Unlike school, life provides experience first and teaches lessons later. Not long ago, baking and snack manufacturers discovered this fact after they learned a few tough lessons about fad diets from the low-carb craze. A few years later during the commodity crisis, they received a painful education about how to manage costs during a time when they couldn’t raise prices fast enough. If that weren’t enough, most recently they had to navigate through a market driven by deep discounts and value-conscious consumers. Conventional wisdom states that the food industry is recession-proof, but everyone now knows that was never the case.

Recent history has turned most executives into better students of the industry. As a result, many of them are throwing away manuals that preach how businesses need 3- and 5-year planning strategies to thrive in the long haul.

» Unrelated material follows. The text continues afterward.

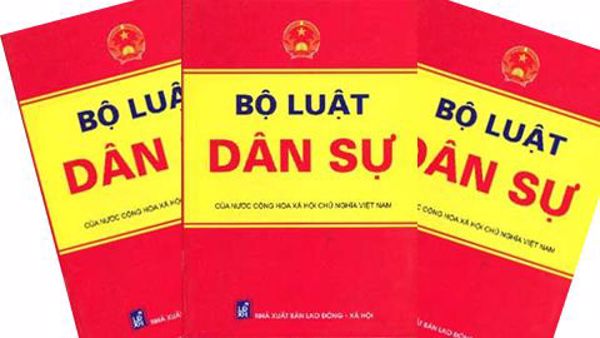 Tìm hiểu một số điểm mới về chế định quyền sở hữu, quyền khác đối với tài sản trong Bộ luật dân sự năm 2015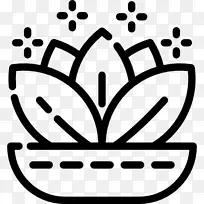 电脑图标剪辑艺术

Rather, long-term survival today requires quick reactions to a changing market. Instead of pulling back in tough economic times, a greater number of them are assessing the market, identifying opportunities and seizing the moment.

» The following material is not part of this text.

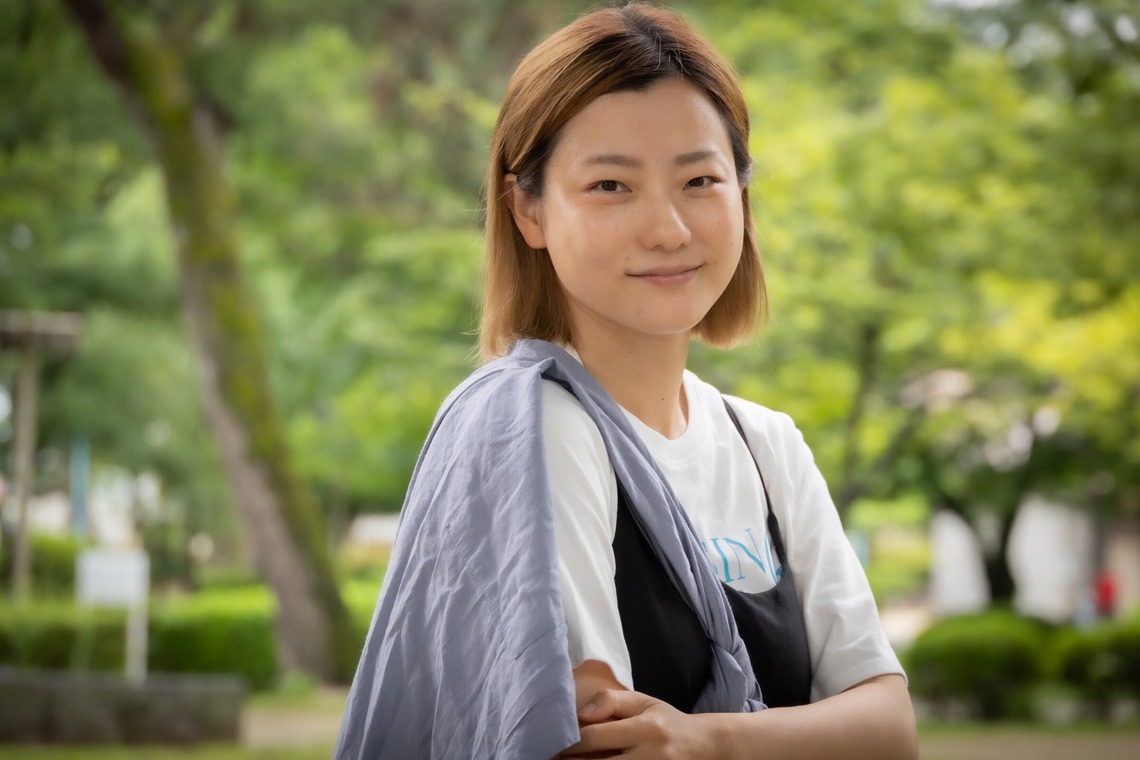 西川　正浩が撮影した「その他」の写真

For Oakrun Farm Bakery, a proactive strategy means investing today to remain competitive tomorrow. “We’re not holding back due to the recession. We’re still looking at investment, and if you want to compete — our finances are sound — you continue to invest about the same levels as in the past,” said Tony Tristani, senior vice-president and general manager of the diversified baking company based in Ancaster, ON. “Today, it’s more competitive than we’ve ever seen. With US bakeries getting more competitive in Canada and the strengthening Canadian dollar, we need to protect our business. We plan to do that through investments that will increase throughputs and reduce waste. You need to continue to invest in automation and in equipment to maintain a lower cost of goods and remain competitive with these larger bakeries.”

Mr. Tristani is one of a cross-section of key baking and snack executives interviewed by Cypress Research Associates, Kansas City, MO, which conducted Baking & Snack’s 18th Annual Capital Spending Survey. The interviews provided anecdotal support and interpretation for the survey that showed that a majority of companies plan to maintain or boost investments in 2011. This year, the survey indicated capital spending is expected to be at or beyond what the industry spent during 2007 pre-recessionary levels, despite a number of headwinds affecting the industry.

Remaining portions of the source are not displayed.